Problem statement:
Starting with the line below that holds "VIZAJ Milky Oil Foaming Cleanser" and stopping after the line that holds "CalExotics - Naughty", transcribe the lines exactly, leaving out all pictures.

Given data:
..............................

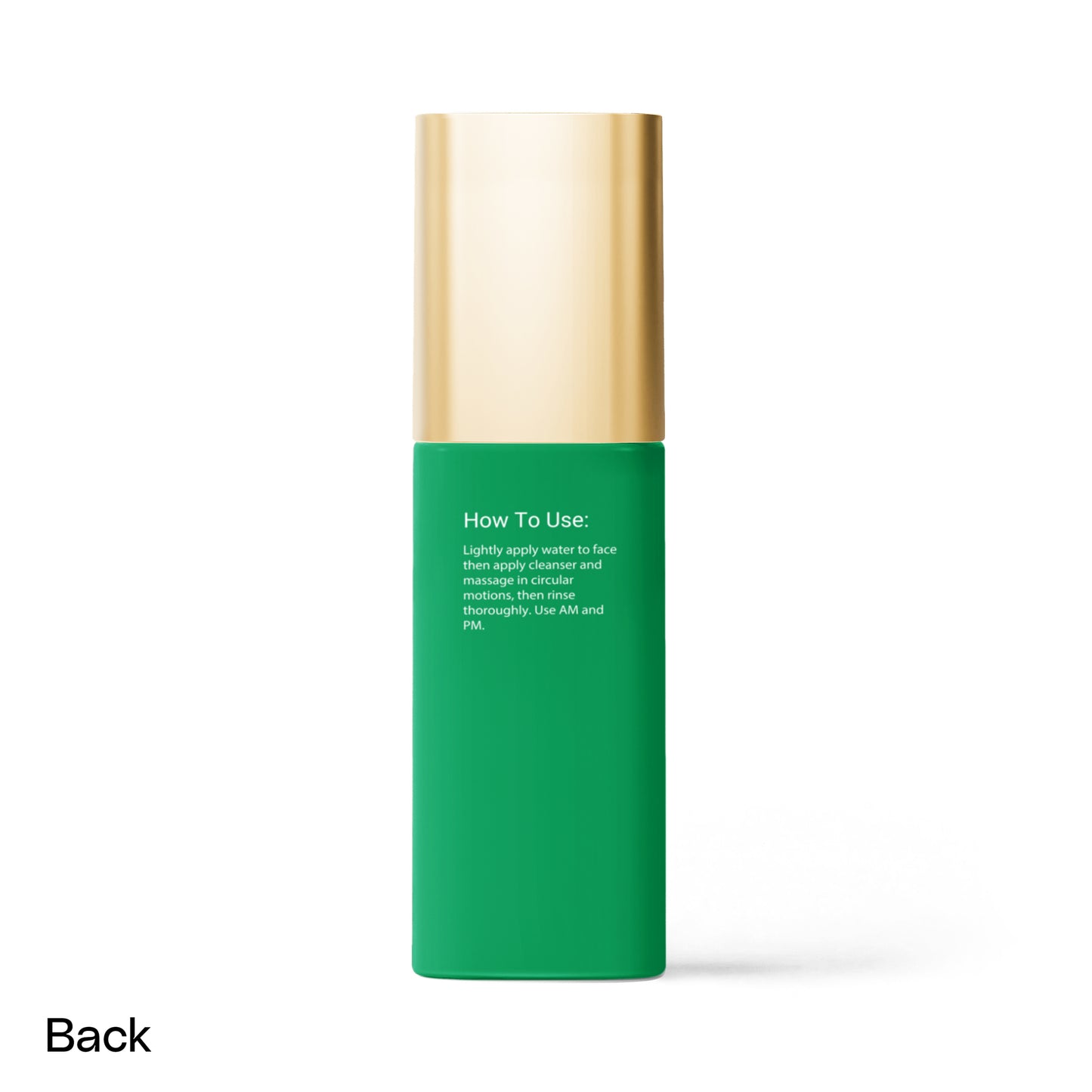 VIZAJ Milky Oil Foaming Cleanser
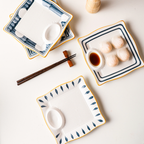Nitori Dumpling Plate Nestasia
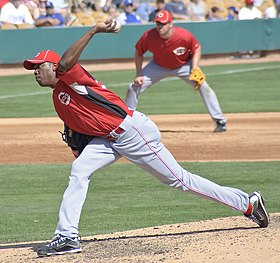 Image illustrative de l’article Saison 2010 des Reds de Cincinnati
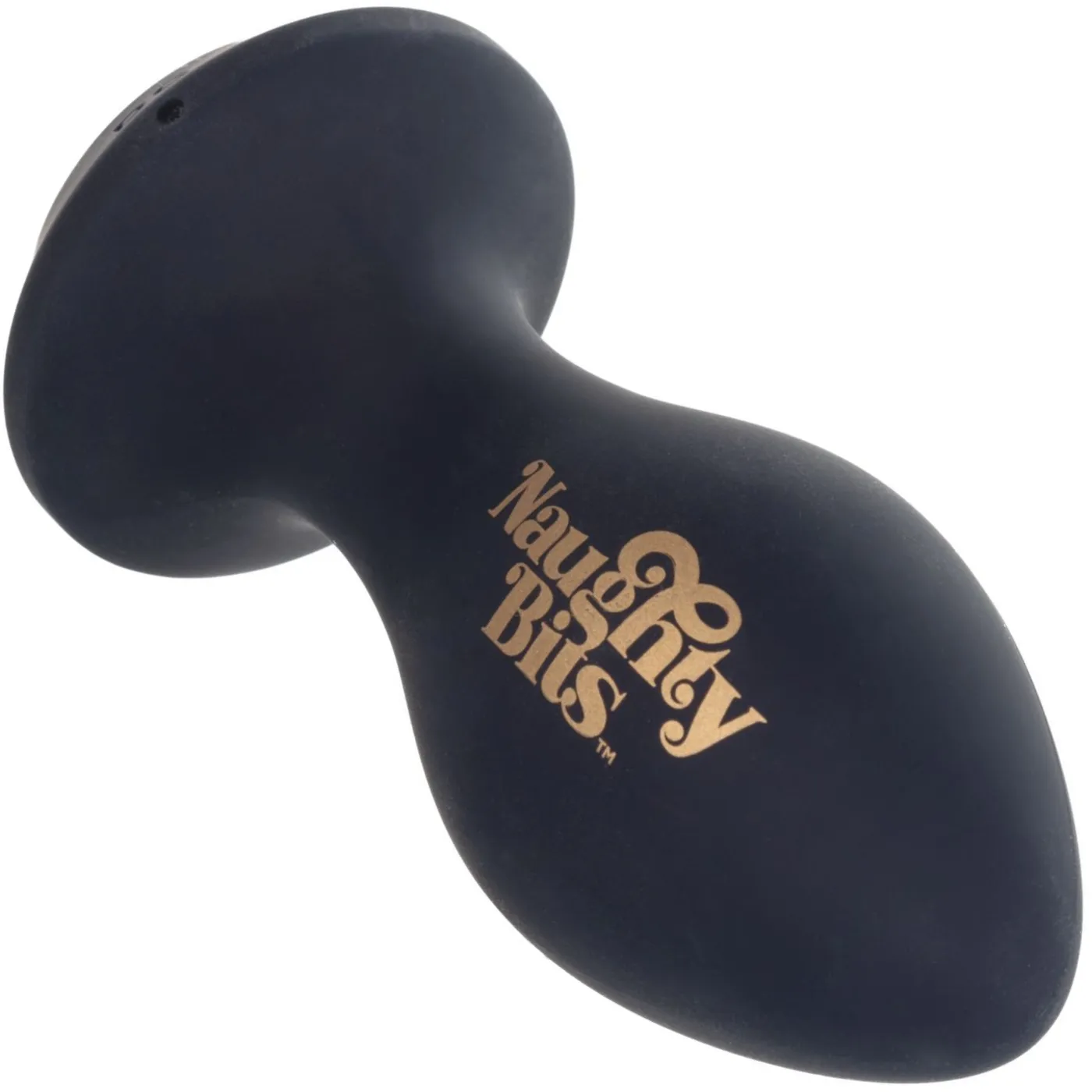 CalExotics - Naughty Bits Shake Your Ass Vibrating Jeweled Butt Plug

..............................

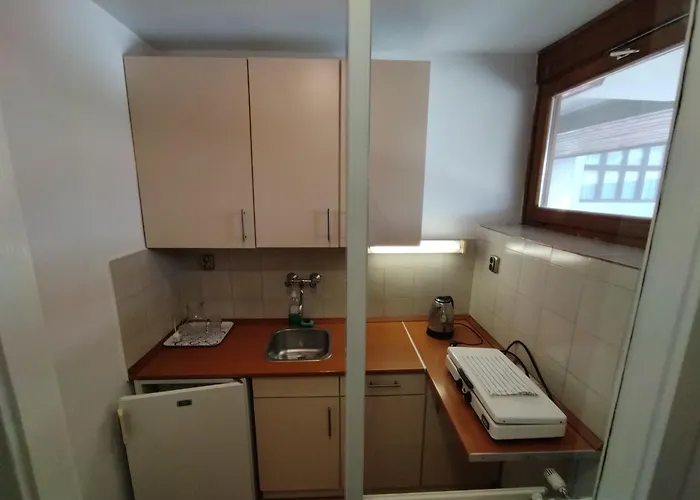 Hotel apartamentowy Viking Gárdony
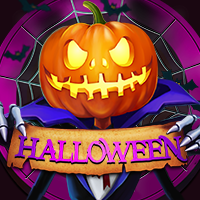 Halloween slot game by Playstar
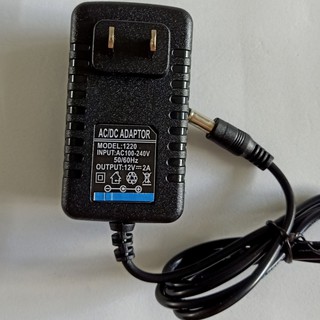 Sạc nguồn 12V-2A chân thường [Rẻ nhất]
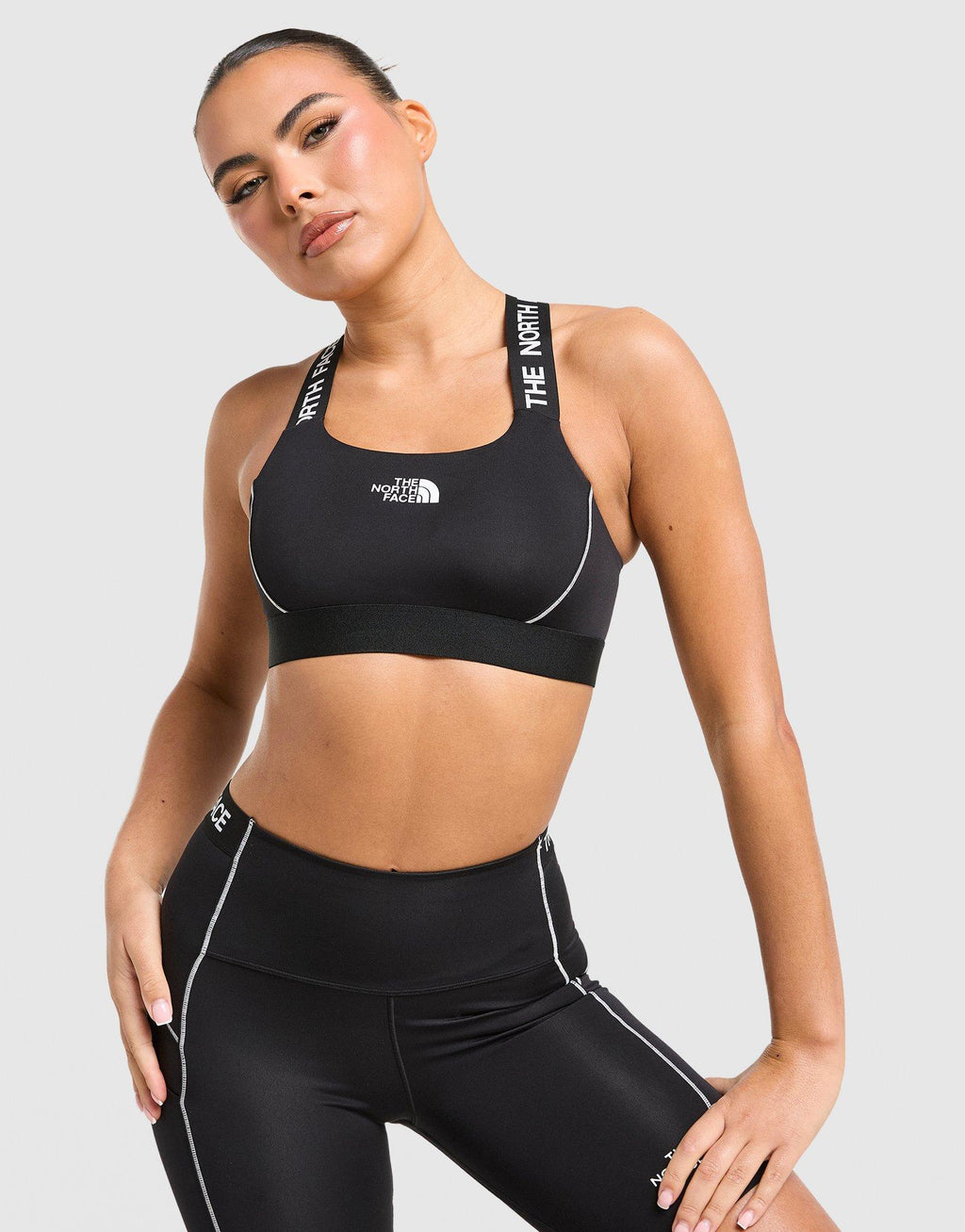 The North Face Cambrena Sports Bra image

..............................

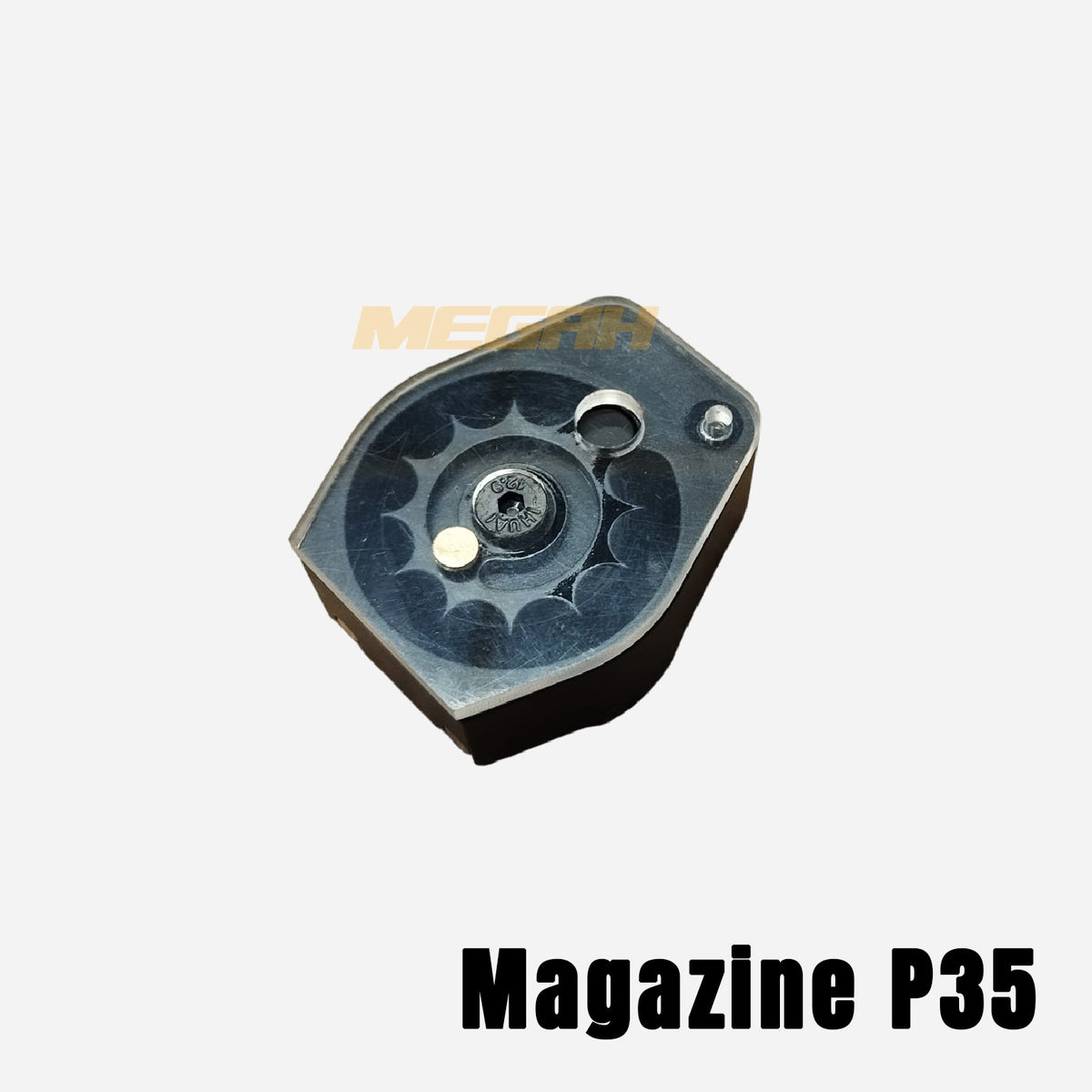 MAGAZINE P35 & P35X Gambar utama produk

..............................

Answer box:
 VIZAJ Milky Oil Foaming Cleanser
Nitori Dumpling Plate Nestasia
 Image illustrative de l’article Saison 2010 des Reds de Cincinnati
 CalExotics - Naughty Bits Shake Your Ass Vibrating Jeweled Butt Plug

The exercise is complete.